Despite Democratic hopeful Beto O’Rourke betting big on the Rio Grande Valley, the region could not help him get past incumbent U.S. Sen. Ted Cruz, who won Tuesday’s election, even with O’Rourke raising a historic $70 million and campaigning across the state for nearly two years.
O’Rourke visited the Valley 10 times over the last two years, and South Texas turned out in historic numbers this election, with 114,560 of Hidalgo County’s 362,815 registered voters casting early ballots. That total surpassed the 56,652 early votes cast during the same early period in 2014, the last midterm election. But the 2018 early vote numbers still fell behind the 2016 presidential election, where 137,720 people voted early. The Democratic challenger took traditionally blue Hidalgo County, as expected, with more than 68 percent of the early vote, 76,985 to 34,661. With 88 percent of county precincts reporting as of 10:20 p.m. Tuesday, O’Rourke also took Election Day in Hidalgo by more than 68 percent.
Major media outlets began calling the race in Cruz’s favor at about 9 p.m., as the GOP incumbent was ahead by more than 51 percent as of press time.
While the Valley showed up in larger numbers than in the past, it still lagged behind many of the state’s largest counties. Of the 30 counties where most registered voters live, only four had lower turnout levels than Hidalgo County, according to the Texas Secretary of State’s office.
O’Rourke has crisscrossed the state, reaching all 254 counties, which just about everyone in Texas knows by now.
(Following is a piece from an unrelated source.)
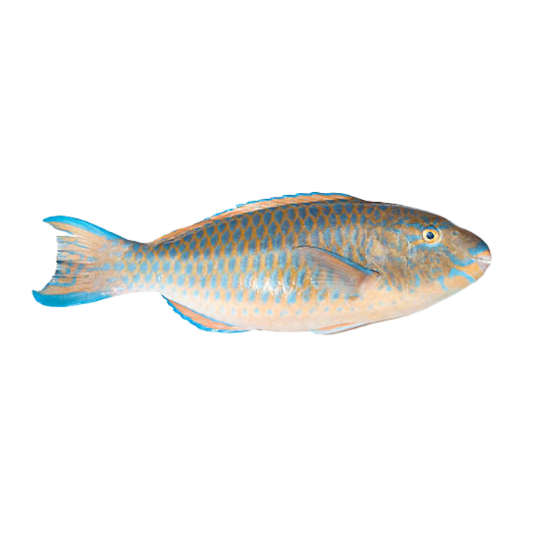 Picture of Parrotfish - 3 kg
He has spent more than just about any candidate in the country online, hoping to spur younger voter turnout.
Cruz, meanwhile, known for his attack-dog persona, stayed true to form. Using an abundance of advertisements himself, Cruz painted O’Rourke as a far-left liberal who is out of touch with Texas. Cruz hammered on about O’Rourke wanting to raise taxes and open the U.S.-Mexico border, which O’Rourke denied.
Cruz expounded on securing the border, routinely referencing his endorsement from the Border Patrol’s labor union, the National Border Patrol Council, on the campaign trail. That endorsement was issued in April in Edinburg, one of only two campaign events Cruz held in South Texas since the March primary.
O’Rourke hoped that by continuously visiting the Valley, it would help put him over the top. But it did not.